Assignment:
Copy the listing as it is written, and leave each picture out.

Input:
□ □ □

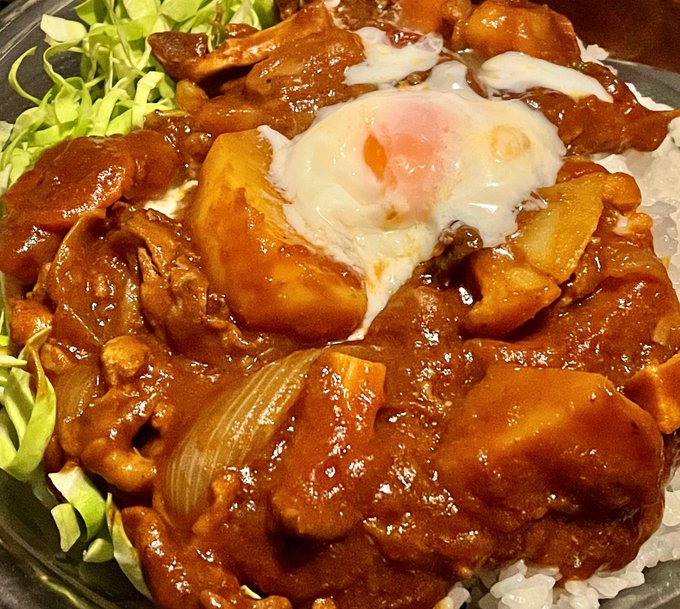 とりあえず、思ってたよりもずっと自炊している
親が料理うまかったのもあってほぼほぼお任せしてたので、いきなり初心者がひとり自炊になったんですが
米も炊飯器でなく羽釜だし、とりあえず肉野菜買ってきてやってる
美味い
たぶん、お値段の割にいいもの使えて美味いから続いてるのはある気もする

□ □ □

Finished task:
 とりあえず、思ってたよりもずっと自炊している
親が料理うまかったのもあってほぼほぼお任せしてたので、いきなり初心者がひとり自炊になったんですが
米も炊飯器でなく羽釜だし、とりあえず肉野菜買ってきてやってる
美味い
たぶん、お値段の割にいいもの使えて美味いから続いてるのはある気もする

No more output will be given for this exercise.